We are now able to run our scripts in a nice and clean way:

package lock

// RedisLock implements the Locker interface using Redis
type RedisLock struct {
	client infrastructure.RedisRunner
}

func (r *RedisLock) Lock(key string, timeout time.Duration) (UnlockFunc, error) {
	val := uuid.NewV4().String()

	res, err := rc.client.Run(redisLockScript, []string{key}, val, int(timeout/time.Millisecond))
	if err != nil {
		return nil, err
	}

	if res != infrastructure.RedisResponseOk {
		return nil, ErrUnableToLock
	}

	return rc.unlock(key, val), nil
}

func (r *RedisLock) unlock(key, value string) UnlockFunc {
	return func() error {
		res, err := rc.client.Run(redisUnlockScript, []string{key}, value)
		if err != nil {
			return err
		}

		if i, ok := res.(int64); !ok || i != 1 {
			return ErrUnableToUnlock
		}

		return nil
	}
}

Using the lock ¶

Amazing! Finally, we can see the lock at work:

func initService() (Service, error) {
	cfg := configFromFile("./.env")

	redisLock := lock.NewRedisLock(cfg.RedisSettings)

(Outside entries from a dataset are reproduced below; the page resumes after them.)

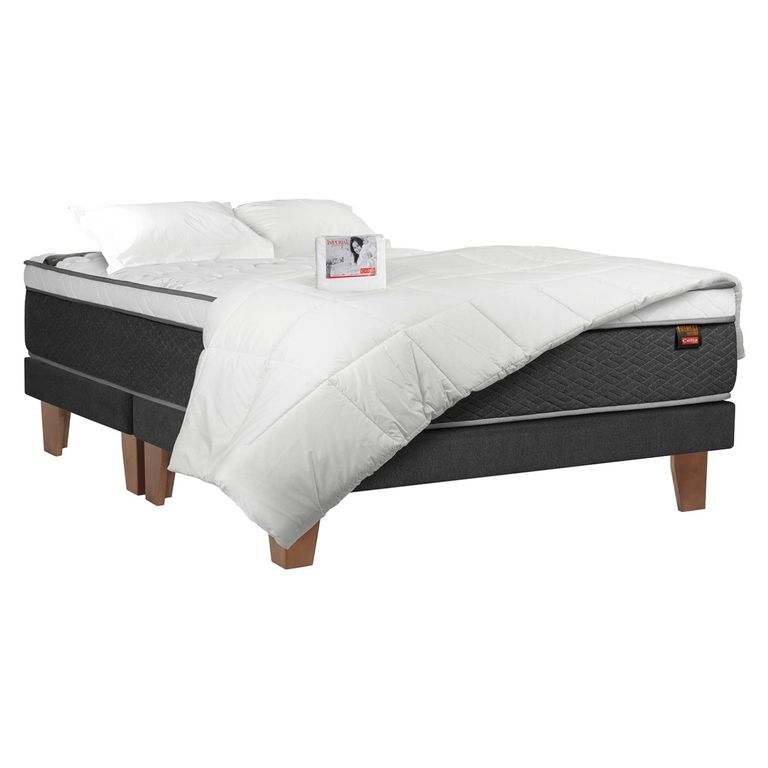 CELTA Cama Europea Everest + Textil 2 Plazas X 2 Mt. Base Dividida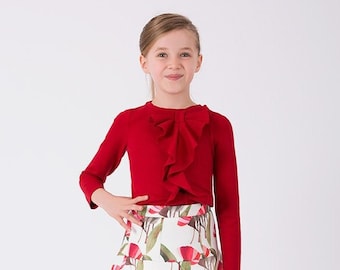 Girl's Long Sleeve Bow Red Blouse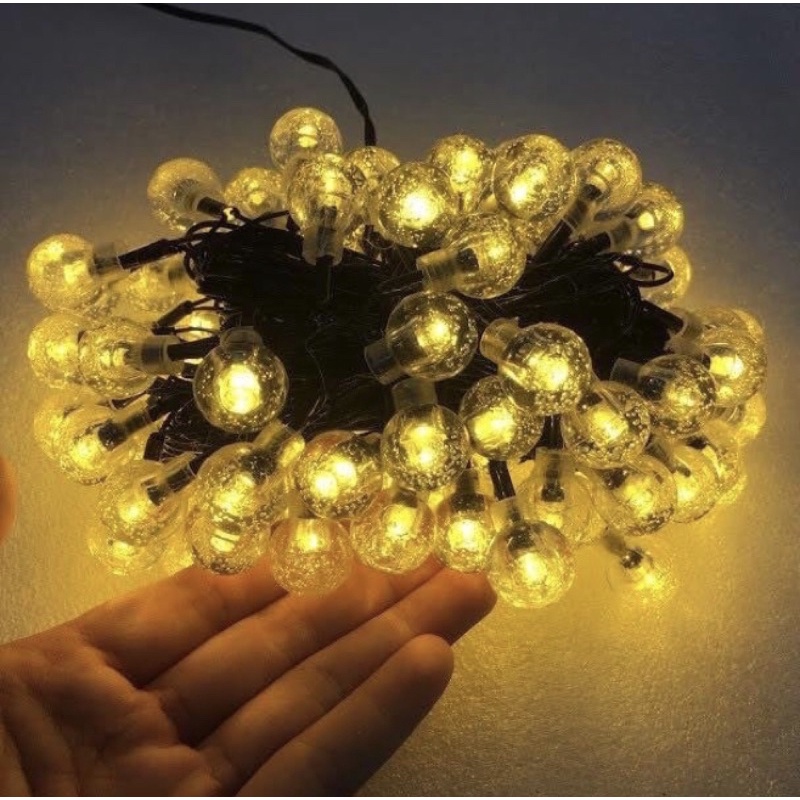 [ 1 bộ 9-10 mét ] Dây đèn led bi bọt biển trang trí đẹp Tết 2022 - Màu vàng/full màu. Sẵn phích cắm. Nguồn 220V
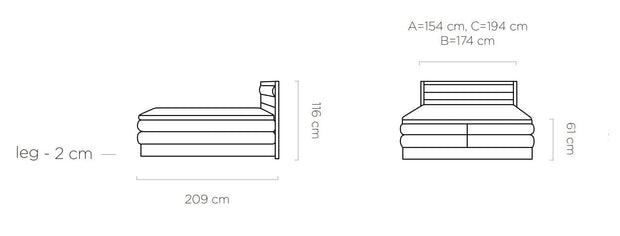 Letto Boxspring con contenitore Diorissimo Legno Grigio (7)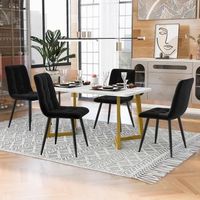 conjunto de mesa y 4 sillas - comedor - mdf y terciopelo - negro y dorado 117cm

	unlock, err := redisLock.Lock(cfg.MigrationLockKey, time.Minute*5)
	if err != nil {
		return nil, err
	}

	defer unlock() // not checking the error for brevity's sake

	db := NewDbConnection(cfg.DbSettings)
	db.RunMigrations("./migrations/")

	//...
	return service, nil
}

That’s it: we now have a distributed lock, there’s nothing that can stop us! Unless…

Namespaces ¶

We might want to go the extra mile and use namespaces to further prevent collisions. This change is pretty straight forward, we just need to wrap our RedisLock and prefix each key with the namespace:

package lock

type NamespacedRedisLock struct {
	namespace string
	rl        RedisLock
}

func (n *NamespacedRedisLock) prefix(key string) string {
	return fmt.Sprintf("%s:%s", n.namespace, key)
}

func (n *NamespacedRedisLock) Lock(key string, timeout time.Duration) (UnlockFunc, error) {
	return n.rl.Lock(n.prefix(key), timeout)
}

Conclusion ¶

Today we learned about distributed locks, a very powerful and helpful tool for any developer. It might look like this is a bit of an overkill, but the distributed locks’ use-cases don’t just stop at synchronizing database’s accesses. Whether you’re working with an asynchronous architecture like an event-based system, or you need to coordinate a set of operations on the same resource, distributed locks offers lots of possibilities and are extremely relevant in the current world of micro-services.